In the Americas, sales fell by 12% when adjusted for currency effects. The main driver behind this result was a double-digit decline in sales in the U.S.

The Company significantly restricted the distribution of its brands in the wholesale business, and in doing so consciously accepted a loss in sales. In Asia/Pacific, sales fell by 2% when adjusted for currency effects.

Sales in China decreased 6% in currency-adjusted terms, however momentum improved markedly over the course of the year. In the fourth quarter, sales on the Chinese mainland grew by almost 20% on a like-for-like basis, meaning that sales were up also in Asia/Pacific as a whole.

The gross profit margin in 2016 was unchanged on the previous year at 66.0%. Positive effects due to the increasing share of sales coming from the Group's own retail business were canceled out by the reduction in selling prices in Asia as well as negative inventory valuation effects.

Savings of EUR 65 million compared to the original budgeting limited the increase in costs. The renegotiation of rental agreements in the Group's own retail business and strict management of operating overhead costs contributed to the savings.

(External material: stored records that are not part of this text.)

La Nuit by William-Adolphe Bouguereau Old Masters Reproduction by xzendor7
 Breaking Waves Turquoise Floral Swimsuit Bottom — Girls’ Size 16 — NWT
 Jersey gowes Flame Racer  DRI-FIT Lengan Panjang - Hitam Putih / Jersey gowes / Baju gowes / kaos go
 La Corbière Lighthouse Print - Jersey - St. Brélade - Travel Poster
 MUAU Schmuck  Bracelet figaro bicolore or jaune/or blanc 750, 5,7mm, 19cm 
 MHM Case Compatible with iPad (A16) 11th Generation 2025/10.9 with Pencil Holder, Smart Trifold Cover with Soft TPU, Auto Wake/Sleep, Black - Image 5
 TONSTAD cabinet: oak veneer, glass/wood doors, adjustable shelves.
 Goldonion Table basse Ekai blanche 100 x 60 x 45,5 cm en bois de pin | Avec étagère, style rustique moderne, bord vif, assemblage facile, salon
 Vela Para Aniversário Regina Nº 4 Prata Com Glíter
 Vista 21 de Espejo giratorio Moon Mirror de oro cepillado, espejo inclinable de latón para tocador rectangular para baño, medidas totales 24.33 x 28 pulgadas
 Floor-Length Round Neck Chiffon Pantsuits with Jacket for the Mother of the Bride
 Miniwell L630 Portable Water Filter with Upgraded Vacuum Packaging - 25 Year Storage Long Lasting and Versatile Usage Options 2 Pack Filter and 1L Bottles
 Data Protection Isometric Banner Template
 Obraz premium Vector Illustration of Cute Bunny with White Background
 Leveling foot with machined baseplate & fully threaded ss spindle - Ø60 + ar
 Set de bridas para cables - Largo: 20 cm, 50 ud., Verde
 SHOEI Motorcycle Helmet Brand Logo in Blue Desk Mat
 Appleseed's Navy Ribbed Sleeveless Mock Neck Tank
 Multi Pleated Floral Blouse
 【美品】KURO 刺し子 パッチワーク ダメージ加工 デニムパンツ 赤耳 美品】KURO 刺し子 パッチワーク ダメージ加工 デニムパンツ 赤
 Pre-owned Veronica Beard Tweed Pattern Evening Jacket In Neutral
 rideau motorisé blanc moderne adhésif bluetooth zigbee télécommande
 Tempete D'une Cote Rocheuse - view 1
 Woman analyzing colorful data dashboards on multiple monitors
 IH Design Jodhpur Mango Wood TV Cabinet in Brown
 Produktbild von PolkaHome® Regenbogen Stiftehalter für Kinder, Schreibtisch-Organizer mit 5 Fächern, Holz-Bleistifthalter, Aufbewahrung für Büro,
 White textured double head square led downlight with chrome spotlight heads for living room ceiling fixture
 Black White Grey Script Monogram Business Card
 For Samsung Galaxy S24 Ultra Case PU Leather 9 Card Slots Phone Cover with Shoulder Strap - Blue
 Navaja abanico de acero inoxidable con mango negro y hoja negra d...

Nevertheless, EBITDA before special items declined by 17% during the year as a whole to EUR 493 million (2015: EUR 594 million). The adjusted EBITDA margin was 18.3%, down 290 basis points on the prior year (2015: 21.2%). Other operating expenses of EUR 67 million were mostly related to the planned store closures (2015: EUR 4 million).

As a result, the Group's net income fell more strongly than EBITDA before special items. At EUR 194 million it was 39% lower than the year before (2015: EUR 319 million).

At the end of 2016, inventories were 2% above the prior year's level, and 1% in local currencies. In both the Americas and Asia/Pacific, inventories declined by a double-digit percentage rate. Trade net working capital fell by 1% to EUR 524 million (2015: EUR 528 million). Free cash flow increased by 6% on the prior year to EUR 220 million (2015: EUR 208 million).

This was due to a decrease in investments to EUR 157 million (2015: EUR 220 million). The reduced rate of expansion in the Group's own retail business and the non-recurrence of prior year one-time investments had a significant influence on this. Net financial liabilities increased to EUR 113 million (2015: EUR 82 million).

The Managing Board and the Supervisory Board of HUGO BOSS AG intend to propose a dividend of EUR 2.60 per share for fiscal year 2016 to the Annual Shareholders' Meeting (2015: EUR 3.62).

This corresponds to a payout ratio of 93% of the consolidated net income attributable to the shareholders of the parent company in 2016 (2015: 78%).